Out of all the expenses, keeping a roof over Junior’s head is the biggest chunk of change parents face, which was also true in 1960. In 2013, housing was about 30 percent of the total cost of raising a child. Given that, it makes sense that the two most expensive areas of the nation to raise a child are in the Northeast ($282,480 to raise a child to 18) and in the urban West, places such as Los Angeles and San Francisco ($261,330 to raise a child to 18).

"Variations by geographic region are marked when we look at housing," study author economist Mark Lino said in a statement. "The average cost of housing for a child up to age 18 is $87,840 for a middle-income family in the urban West, compared to $66,240 in the urban South, and $70,200 in the urban Midwest. It's interesting to note that other studies are showing that families are increasingly moving to these areas of the country with lower housing cost."

What’s shifted significantly since 1960 is how much Americans are paying for education and child care. In 1960, those costs were only 2 percent of a household budget. In 2013 education and child care made up 18 percent of a family’s budget, the second-largest expenditure. 

"When I was pregnant I knew daycare would be expensive," Seattle resident Britta Gidican told CNN Money. "But I didn't expect to pay two mortgages."

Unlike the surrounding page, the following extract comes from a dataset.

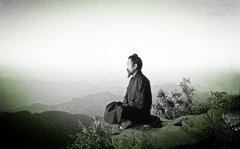 八字算命：看八字不外传秘诀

Gidican shells out $1,380 every month for day care for her 17-month-old son. That’s only $20 less than her mortgage payment, a reality that makes advocating for better early childhood education programs and subsidized child care even more essential.  

Does all this mean that Americans are being priced out of having kids? The USDA found that having a larger family with three or more children is more cost-efficient than just having one or two kids. With more mouths to feed, parents start to buy food in bulk and tots inherit hand-me-downs (I was a third child; I got everyone else's clothes). That said, most minimum wage workers can't afford a one-bedroom apartment, and child care and education costs just keep going up. But what the heck. Just do it. Because babies, they're so cute.